En plus de PurF et d'autres enzymes nécessaires à la production de nucléotides, les chercheurs ont remarqué que ppGpp se lie également à de nombreuses enzymes GTPases impliquées dans la traduction. Cela pourrait indiquer un mécanisme à sécurité intégrée ralentissant la traduction en frappant plusieurs, enzymes similaires d'une manière presque redondante face à la famine.
Alors que Wang continue d'affiner sa méthode, il vise à augmenter sa spécificité et à garantir que ses composés de capture se lient exactement aux mêmes protéines qu'ils le feraient à l'intérieur d'une cellule vivante. Il espère également dépister les protéines de liaison ppGpp dans d'autres bactéries, y compris les agents pathogènes qui dépendent de ppGpp pour survivre au sein de leurs hôtes et propager des conditions telles que la tuberculose.

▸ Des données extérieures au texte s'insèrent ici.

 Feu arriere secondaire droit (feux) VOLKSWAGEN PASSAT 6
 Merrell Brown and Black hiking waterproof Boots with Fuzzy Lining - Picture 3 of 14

"Il s'agit d'une approche chimique passionnante pour mieux comprendre la fonction d'une molécule de signalisation conservée de longue date chez les bactéries, " dit Jue Wang, professeur de bactériologie à l'Université du Wisconsin à Madison, qui n'a pas participé à l'étude. "Leurs découvertes et techniques sont très pertinentes pour de nombreuses autres bactéries, et améliorera considérablement les connaissances sur la façon dont les bactéries utilisent cette molécule de signalisation critique pour tout arbitrer, de la survie dans l'intestin humain à la cause de la maladie. »
Laub ajoute :« Nous découvrons encore aujourd'hui de nouvelles molécules de signalisation à base de nucléotides chez les bactéries, et chacun d'entre eux pourrait éventuellement être dérivé d'une manière similaire pour identifier leurs partenaires de liaison. »
Cette histoire est republiée avec l'aimable autorisation de MIT News (web.mit.edu/newsoffice/), un site populaire qui couvre l'actualité de la recherche du MIT, innovation et enseignement.